The former central bank adviser said the subsidies could create a multiplying effect that would not only boost overall spending, but also create government revenue through taxes.
“In the end, [this policy] would not even cost government expenditure. So why are we not launching such a good policy? Why are we still discussing it? I am also confused,” Li said.
He added that the government needs to give private investors confidence to invest through establishing a “clear political position” that reassures them that their contributions to the fundamentals of the Chinese economy are the same as state enterprises.
Li urged for policies to be taken “immediately” as there could be a wider impact for the country.
“If the economy continues to cool for a long term, the unemployment problem is going to get more serious, which would be a challenge to the stability in the society … the country’s international influence, including our military capability would also slow down, the trend of us overtaking the world’s most advanced economies could even be overturned. This, I am afraid, is a fundamental long-term risk,” he said.
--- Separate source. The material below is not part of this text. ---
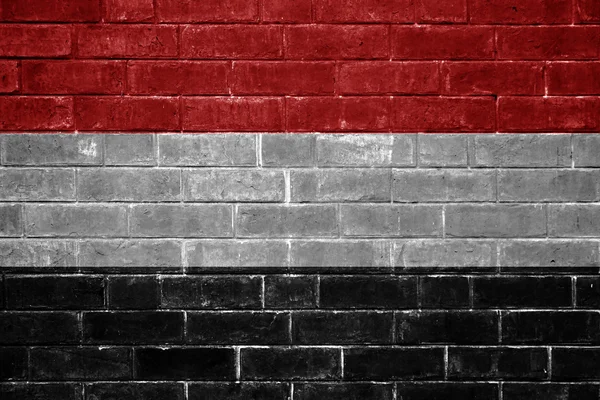 Jemen flaggan målad på en tegelvägg — Stockfoto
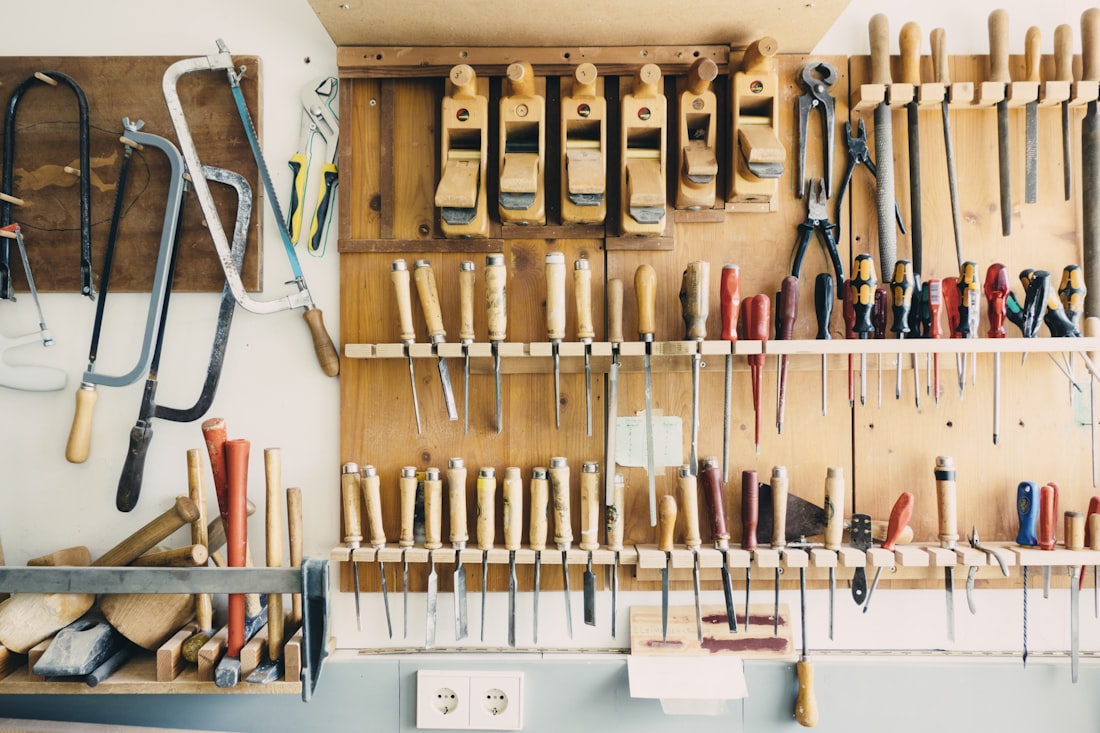 Open household tool kit showing hand tools, bits, and a compact drill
Expectations are growing for Beijing to step up and introduce more stimulus as China’s economy showed further signs of waning from its better-than-expected results in the first quarter after it ended three years of zero-Covid controls.
Inflows of foreign direct investment also dropped by 5.6 per cent in the first five months of the year.
Investment banks, including UBS, Standard Chartered, Bank of America, JPMorgan and Nomura, have cut forecasts for China’s 2023 gross domestic product growth to between 5.1 and 5.7 per cent, down from an earlier range of 5.5 to 6.3 per cent.